"Certeza moral é
sempre um sinal de inferioridade cultural. Quanto mais civilizado o homem, mais
certo é que ele sabe exatamente o que é certo e o que é errado. O homem
verdadeiramente civilizado é sempre cético e tolerante, neste domínio, como em
todos os outros. Sua cultura é baseada em 'Eu não tenha muita certeza."-HL Mencken
Henry Louis Mencken e Robert Downey Jr. não se cruzaram na
vida (apesar de ser divertido imaginar a conversa), mas a citação do ensaísta é
uma boa descrição da abordagem do ator à vida.
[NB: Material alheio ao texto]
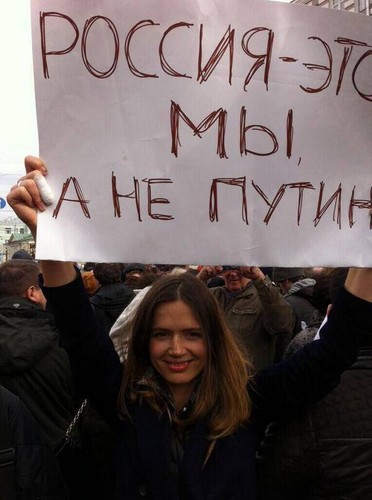 Demonstracja w Moskwie przeciwko interwencji Rosji na Ukrainie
A inteligência inquieta de
Downey se reflete em sua capacidade de expressar vários pontos de vista
contraditórios ao mesmo tempo, dar sentido ao mesmo tempo. Ele pode estar
correto em um momento e indescritível em outro, muitas vezes girando pela
tangente aparentemente não relacionada. Mas, como assistir a um malabarista em
um fio, estar na presença de Downey é uma experiência fascinante.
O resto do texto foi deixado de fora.